**PROBLEM DESCRIPTION:** From the records below, transcribe exactly the lines that begin at the line with "Thaltej – for Rent" and end at the line with "Facepalm - Mug blanc - blanc - Devant", both included.

**MATERIAL FOR THIS TASK:**
★ ★ ★ ★ ★ ★ ★

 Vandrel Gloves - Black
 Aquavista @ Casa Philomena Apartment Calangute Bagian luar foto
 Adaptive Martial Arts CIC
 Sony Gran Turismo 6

★ ★ ★ ★ ★ ★ ★

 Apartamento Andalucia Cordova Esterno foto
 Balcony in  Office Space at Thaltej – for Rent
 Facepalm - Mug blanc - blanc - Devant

★ ★ ★ ★ ★ ★ ★

**ANSWER SPACE:**
 Balcony in  Office Space at Thaltej – for Rent
 Facepalm - Mug blanc - blanc - Devant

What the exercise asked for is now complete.